# [YOUR INSTRUCTIONS]
Reproduce the listing below exactly, minus its pictures.

# [WORKING DATA]
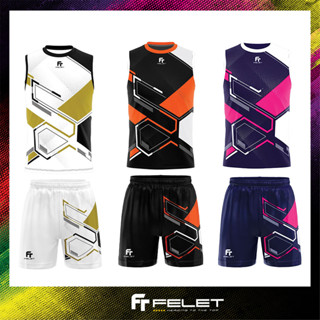 FELET SET  เสื้อ SL1502B + กางเกง CM202B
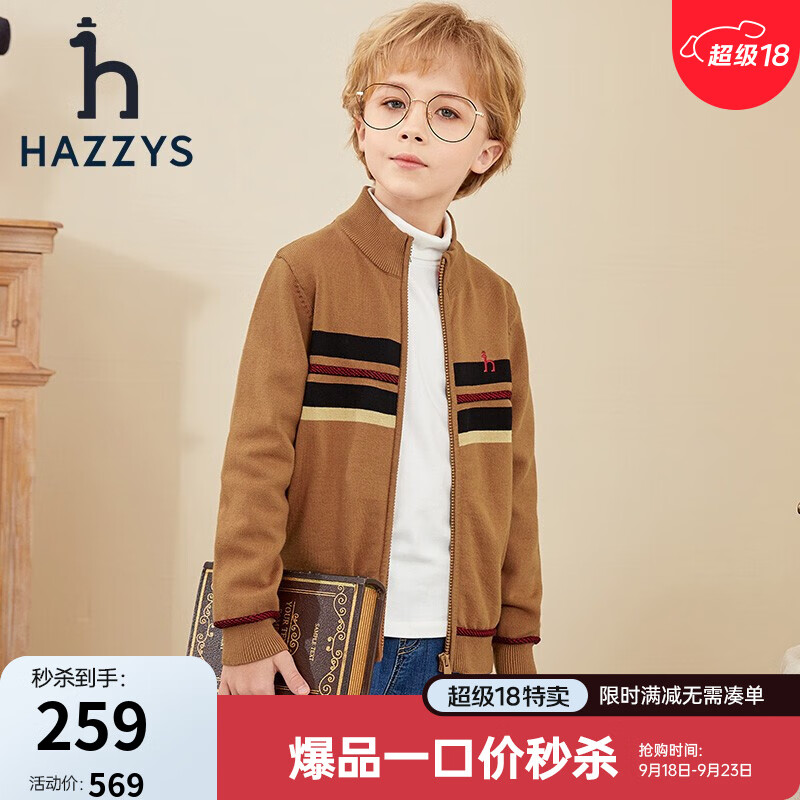 HAZZYS 哈吉斯 男童半高领针织开身线衣 棕驼色 ￥146.16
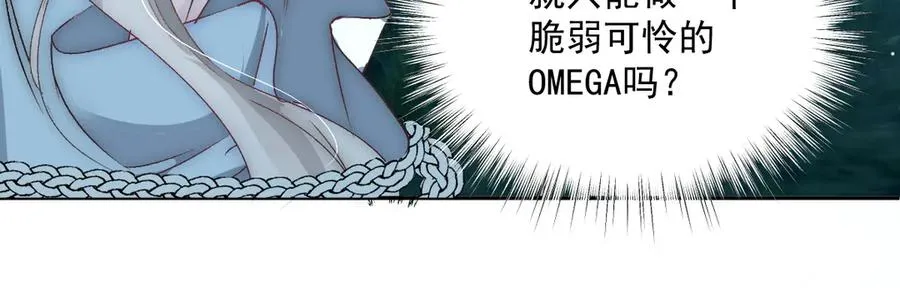 第41话 他疯了！11
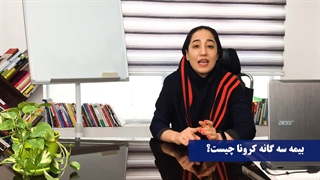 بیمه سه گانه کرونا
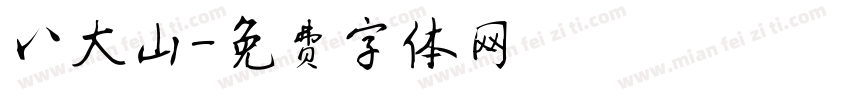 八大山字体转换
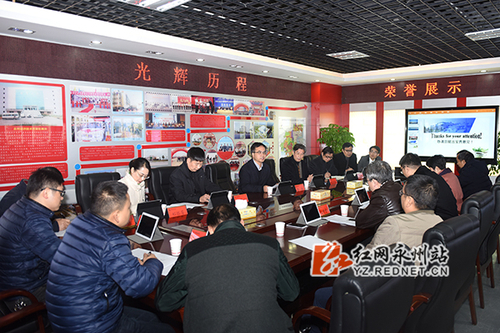 必赢76net线路官网与永州市经开区深入推进“产学研用”融合发展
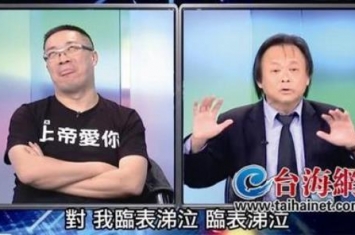 绿营活宝又闹笑话网友讽问世坚情为何物只教人喷饭流涕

# [ANSWER TO THIS TASK]
 FELET SET  เสื้อ SL1502B + กางเกง CM202B
 HAZZYS 哈吉斯 男童半高领针织开身线衣 棕驼色 ￥146.16
 第41话 他疯了！11
 بیمه سه گانه کرونا
 八大山字体转换
 必赢76net线路官网与永州市经开区深入推进“产学研用”融合发展
 绿营活宝又闹笑话网友讽问世坚情为何物只教人喷饭流涕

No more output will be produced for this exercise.